Se l'obiettivo di questo disco era di ricreare il sound dei vecchi Yes, non si può dire che sia un successo completo. "The Ladder" ha però il pregio di trovare un buon equilibrio tra il pop e il prog, e sostanzialmente quasi ogni canzone del disco è orecchiabile, ben prodotta e non scontatissima. I testi, come al solito, non vogliono dire una sega, ma tanto ci eravamo abituati.
"Homeworld" è un gran pezzo. L'avevo sentito ben prima di comprare l'album, in quanto era inserito come canzone di sottofondo nei titoli di coda dello stupendo videogioco omonimo. Sinceramente è il brano che mi ha spinto a spendere i miei buoni venti sacchi per avere anche il resto. A dirla tutta non è che mi avesse entusiasmato in un primo momento, il resto: canzoni come "It Will Be A Good Day", "Lightning Strikes" o "Can I?", francamente stucchevoli, non aiutavano a farmi amare il disco.
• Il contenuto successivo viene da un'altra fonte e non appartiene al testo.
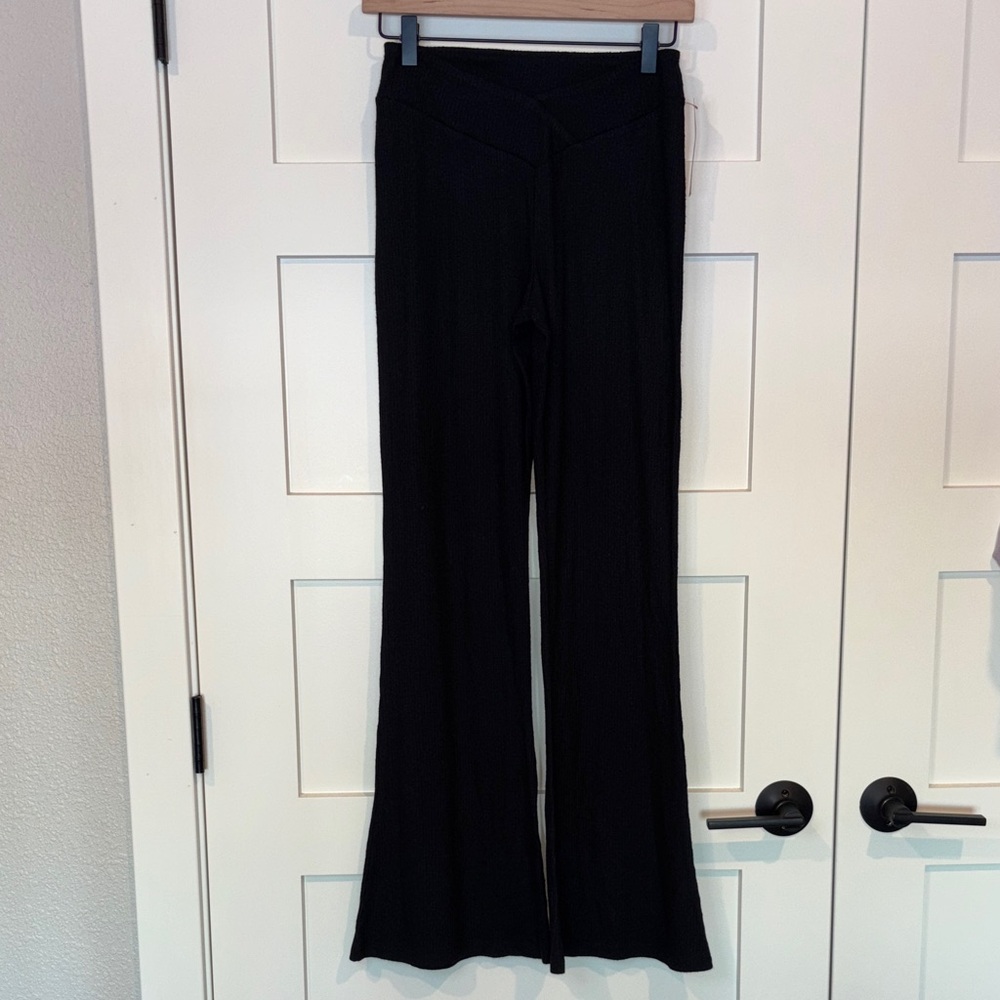 Colsie Ribbed Flare Leggings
Però ci sono anche cose come "Face to Face", brano super luccicoso, con un goloso giro in maggiore di basso e synth, e "If Only You Knew", che è il punto d'incontro tra i due concetti, difficilmente conciliabili, di ballata "à la festival di sanremo" e di canzone ben fatta. Giuro, funziona. Ha un ritornello semplicemente troppo piacevole per poter essere snobbata solo in quanto è pop.
Anche "Finally" tocca un po' quelle corde 'easy' che il proggettaro pieno di peli e stizza dovrebbe spolverare, ma l'altra grande perla è "New Language", che chiude l'album (se si tralascia quella postilla che è "Nine Voices") in modo egualmente degno di come "Homeworld" l'aveva aperto. Un inizio prog che sfocia in un giretto di chitarra a cui si aggiunge il cantato a cui si aggiunge la batteria, tutto seguito da un bridge in minore seguito da un ritornello coi coretti.
Un disco da tre stelle e mezzo, che approssimo per difetto perchè sono un bastardo.